Done:
- write a clean joystick interface: 4 axes with 16-bit precision, 12 buttons (no PS3 button yet), and a hat (d-pad). This uses the excellent LUFA framework from Dean Camera.
- configure an interrupt for the serial reception (great tutorial from Dean Camera)
- write a RS232-capable emu process (docs).
- write a new Sixemugui
- 2ms update period = 500Hz update frequency (same as my G500 mouse) – not sure the PS3 can drive a usb device at that speed – not sure running as fast is relevant considering the Linux latency
- measured worst latency between a usb packet received by the PC from a peripheral (like a mouse) and the usb packet received by the device the joystick is connected to (for easiness, the PC – should be the PS3) is about 4.7ms, average latency is about 3.6ms
Notes:
- It’s probably better to avoid connecting both the mouse and the USB to serial device to the same usb bus.

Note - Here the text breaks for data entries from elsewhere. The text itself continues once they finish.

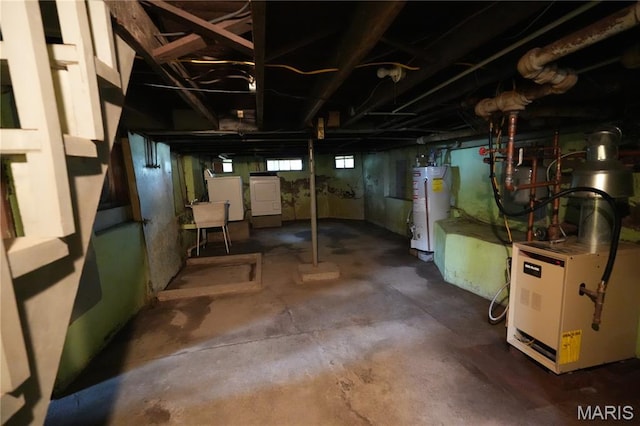 114 W 2nd St S, Mount Olive, IL 62069 - below grade area with gas water heater and washer and clothes dryer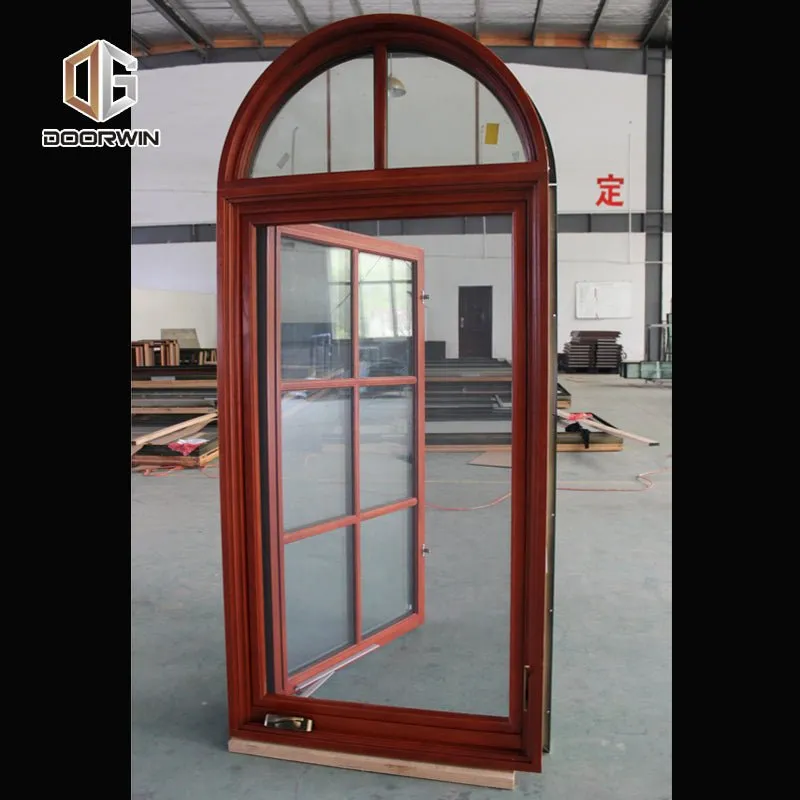 Round top fixed window and bottom crank open window with decorative glazing bars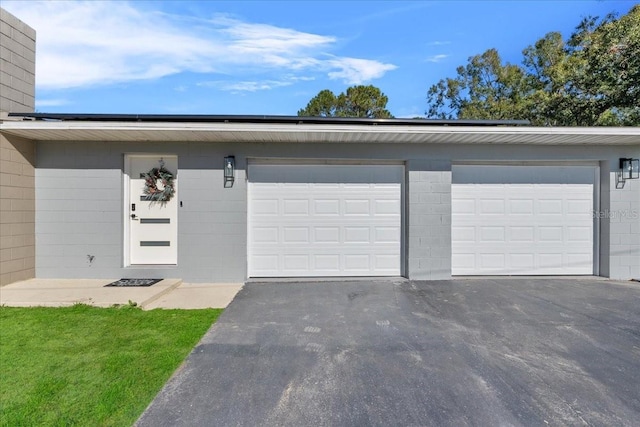 222 Rod Ln, Davenport, FL 33837 - garage featuring asphalt driveway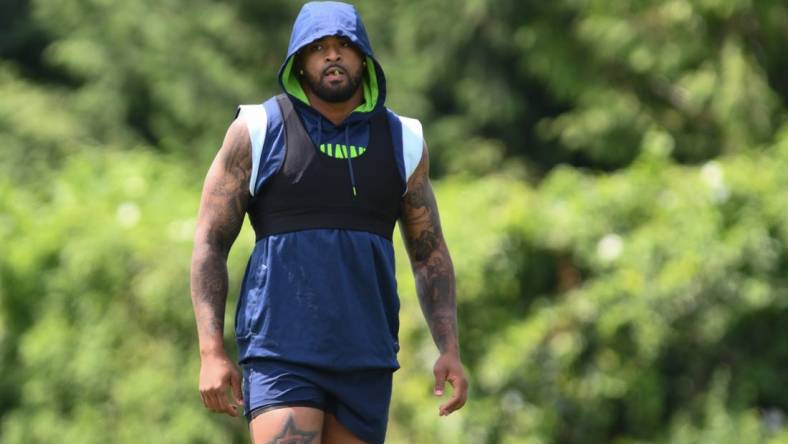 Jul 30, 2023; Renton, WA, USA; Seattle Seahawks safety Jamal Adams (33) warms up prior to training camp at Virginia Mason Athletic Center. Mandatory Credit: Steven Bisig-USA TODAY Sports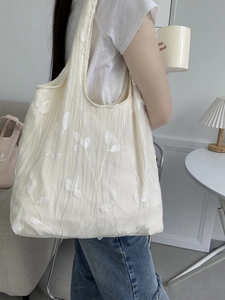 Detail of white floral embroidery on a soft textured cream canvas tote bag for women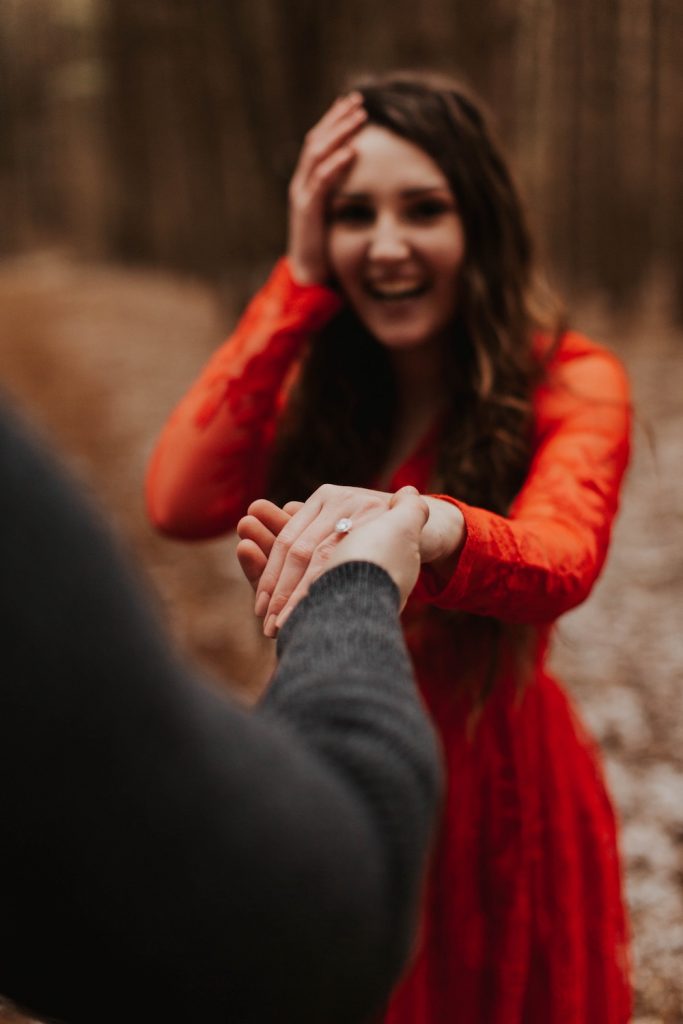 Girl in red dress holding hand of man with engagement ring on her finger, hand to head shocked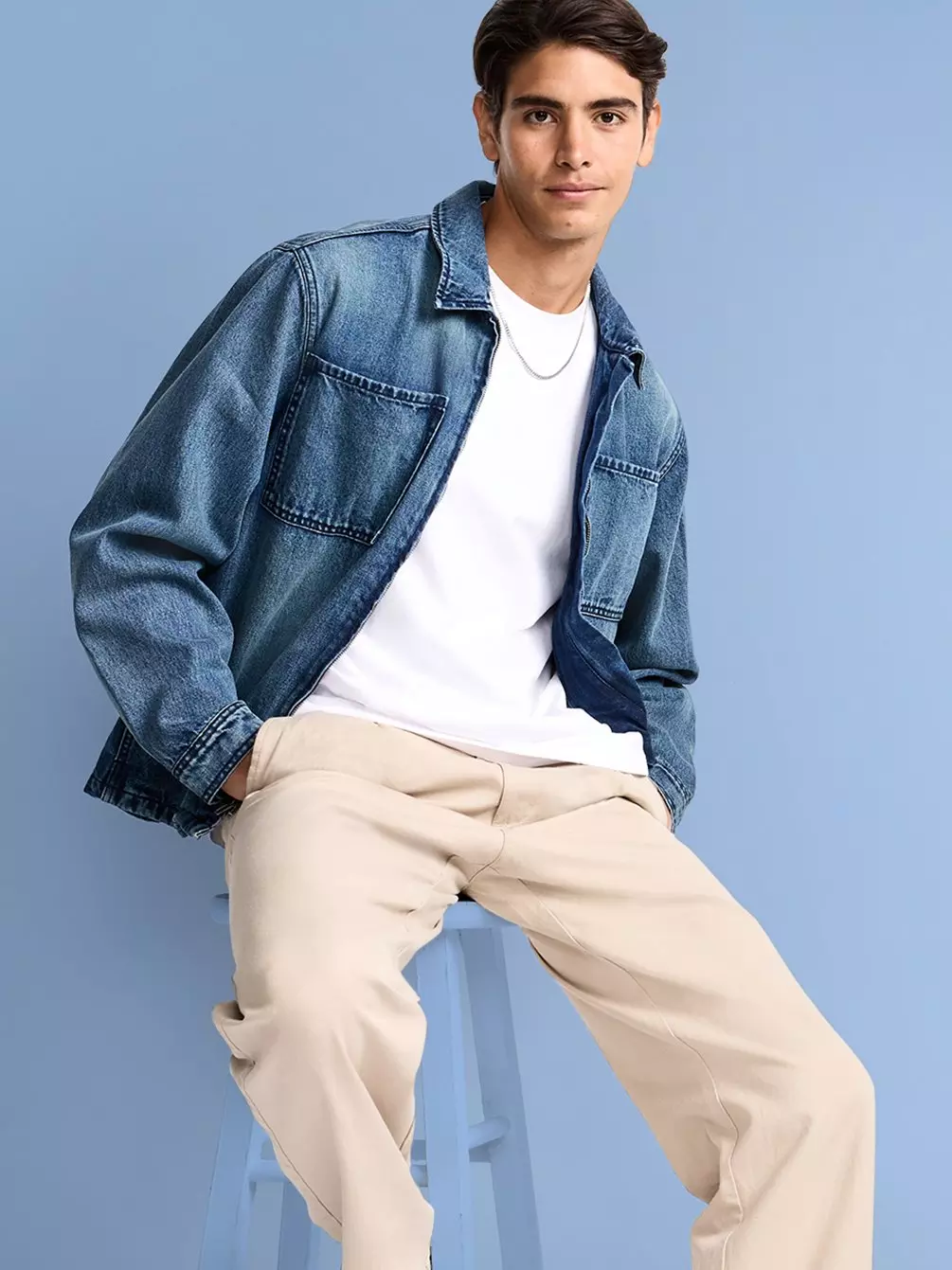 Image of a boy model wearing Old Navy pants, a white t-shirt and denim jacket. 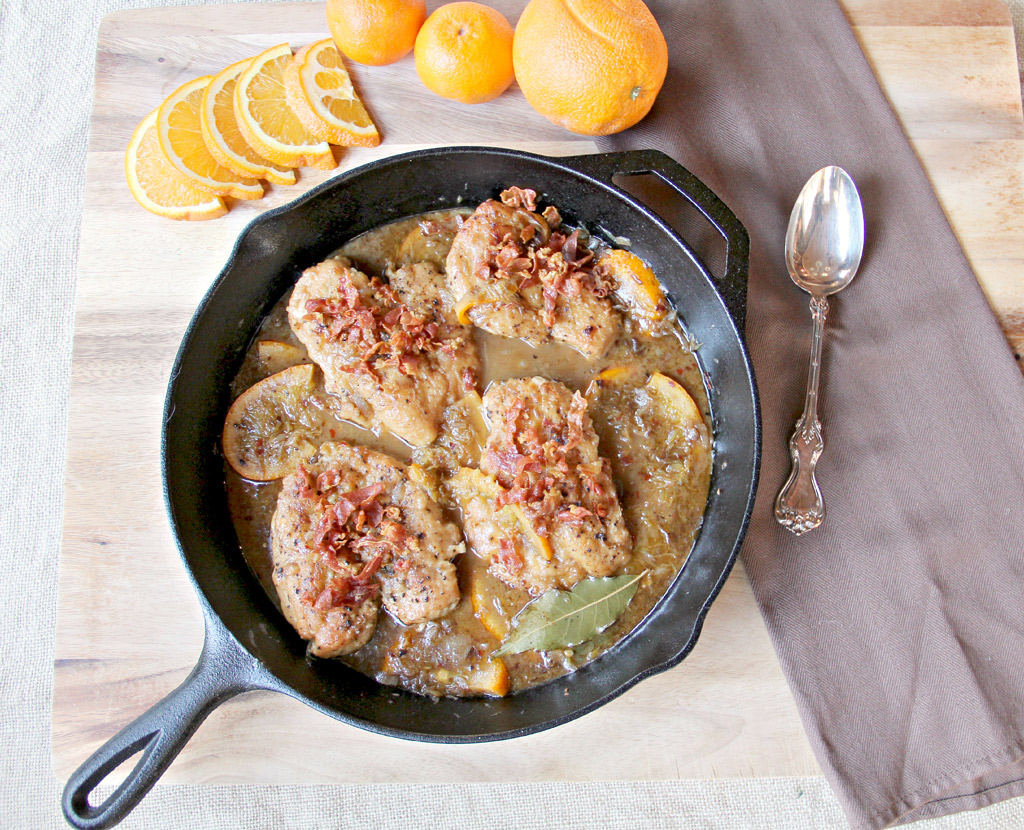 orange braised chicken with prosciutto in skillet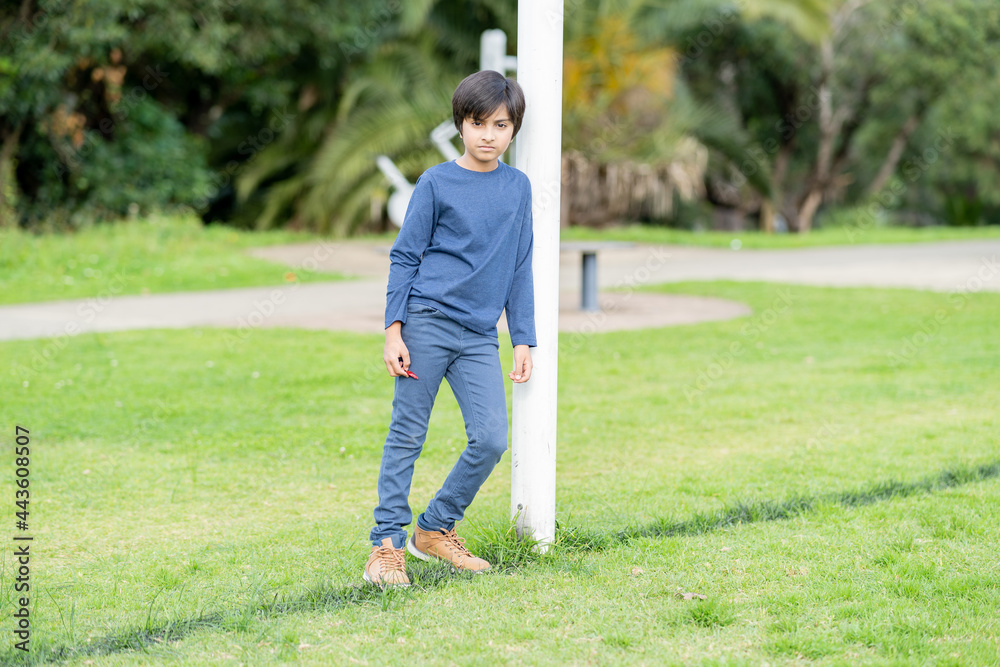Portrait of lonely child. Young boy standing in park leaning against pole looking towards camera. Shot in natural light. Portrait of lonely child. Young boy standing in park leaning against pole looking towards camera. Shot in natural light.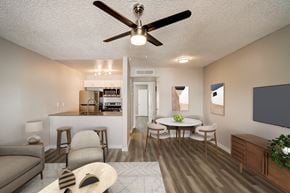 Phoenix apartment for rent - A living room with a couch, chairs, a table, and a ceiling fan.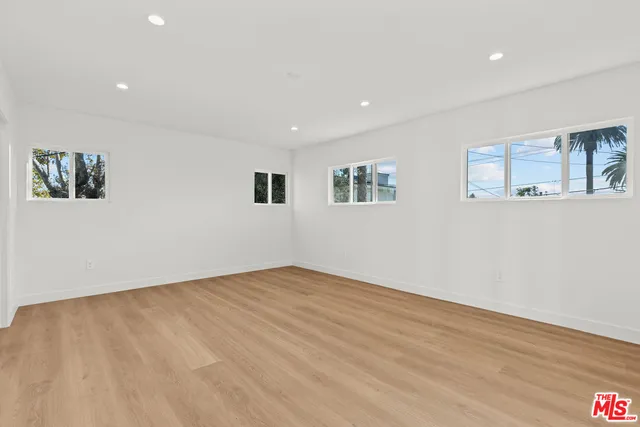 a view of an empty room with wooden floor and window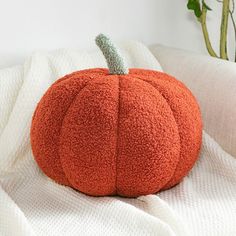 a large orange pumpkin sitting on top of a white blanket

- A kernel with realtime capabilities could probably lower the worst latency.
- It’s not good to work at a frequency higher than the mouse frequency (no mouse report in the last period => stick is set to the center => jerky movements).
- The dead zone
doesn’t seem to beis proportional to the max absolute axis value. - The report period is probably not constant without a realtime kernel (2ms is probably too low considering the Linux latency).
- For performance reasons, emu & emuclient could be merged in a single process.